第一回ほぼ日寄席

私は、中学生のとき、突然、落語の本を読み出した。寿限無の暗記ブームより早かった。家にたまたま文庫本「古典落語 (講談社学術文庫)」があったからである。私はずっと東京に暮らしているせいもあって、一種の歴史ファンタジー小説みたいに読んでいた。

有名なWebページ、ほぼ日刊イトイ新聞 http://www.1101.com では、糸井重里の落語好きもあって、「ほぼ日で春風亭昇太さんのひとり会をやったら、来てくれますか」と呼びかけたら、大変な反響があったらしい。で、本当にひとり会が企画され、チケットはあっという間に完売。ロック・コンサートみたいに追加公演も決まった。そして、インターネットで中継するというので、私は、家で見てみることにした。

寄席は、六本木ヒルズという、およそ寄席とは似つかわしくない場所で行われた。最初に糸井重里春風亭昇太が登場し、ひととおり挨拶したあと、寄席が始まった。10分程度のまくらのあと、オリジナルの新作落語が始まった。春風亭昇太は40代半ばだが、人前で芸をしているからなのか、とても若く見えた。ネタも面白かったと思う。

彼が若者を演じる場面があった。もちろんデフォルメをしているわけだが、その程度は大きかった。なぜなら、その噺の主役の老人から見た若者だからだ。そんなシーンから、ふと思ったのだが、若者が主役の落語って、あるのだろうか。あるのかもしれないが、想像しにくい。

休憩時間は、かつての『電波少年』のT部長こと、日本テレビの土屋編成部長がカメラを持ちながら、場内の若い女性に、昇太さんの知り合いですか?と声をかける、という企画をやっていた。若い女性が来るはずない、という前提だそうだ。しかし、土屋氏は声をかけても、なぜか気後れ気味。楽屋に戻った彼は、「自分が他人と話すのが苦手だということを忘れていた」と言った。つまり、それを拡大したものを、タレントや芸人にやらせていたというわけね。

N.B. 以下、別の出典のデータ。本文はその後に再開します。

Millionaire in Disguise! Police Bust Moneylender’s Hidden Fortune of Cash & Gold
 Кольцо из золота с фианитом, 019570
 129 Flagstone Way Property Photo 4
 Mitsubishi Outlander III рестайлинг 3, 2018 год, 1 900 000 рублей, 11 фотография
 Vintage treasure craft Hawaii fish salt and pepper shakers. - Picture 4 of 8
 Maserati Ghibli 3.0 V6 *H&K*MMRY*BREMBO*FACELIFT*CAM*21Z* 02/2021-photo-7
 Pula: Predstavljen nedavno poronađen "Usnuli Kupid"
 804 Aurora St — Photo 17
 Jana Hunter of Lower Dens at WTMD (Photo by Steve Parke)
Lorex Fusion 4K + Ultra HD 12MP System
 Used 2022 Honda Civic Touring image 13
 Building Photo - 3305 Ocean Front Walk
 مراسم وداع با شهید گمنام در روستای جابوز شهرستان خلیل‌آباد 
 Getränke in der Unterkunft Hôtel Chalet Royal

再開後、まずは、三増紋之助による独楽回し。独楽が回るということが、けっこう盛り上がる、ということが発見できた。最後は、トトロが独楽の上で回って綱渡りしていた。再び、春風亭昇太の落語。やはり、時事ネタをまくらは面白かった。しかし、そのあとの古典噺「壷算」は、あまり面白くなかった。これは、昇太が下手、ということではなく、噺自体が自分の見たい笑いの感覚と合わないからだろう。平和な笑い。そういうものは、日常に必要だが、それを芸で確認したいとは思わなかった。いま、見たいのは、現代のタブーに光を当てて、隠されている事柄を明らかにするような、風刺の笑い。これも単純な言い方だな。まくらは、「いま白骨温泉でいちばん癒されているのは、もう入浴剤を入れなくてよくなった係のおじさんだろう」とか、面白かったんだが。

インターネットの中継後、モニタ・アンケートの結果を見た。これが有料の中継なら見ない、という人が多く、有料でも100円なら見る、という結果だったらしい。これでは採算がとれないので、インターネット中継はもう無理なのだとか。これは、単にネット上で有料で何か見る、ということに慣れていないだけなのか。それとも、落語というコンテンツが、現代のメディアにマッチするだけの力がない、ということだろうか。さっきも書いたが、まるで違うタイプの噺(若者が噺の中心)とかになると、変わってくるのかな。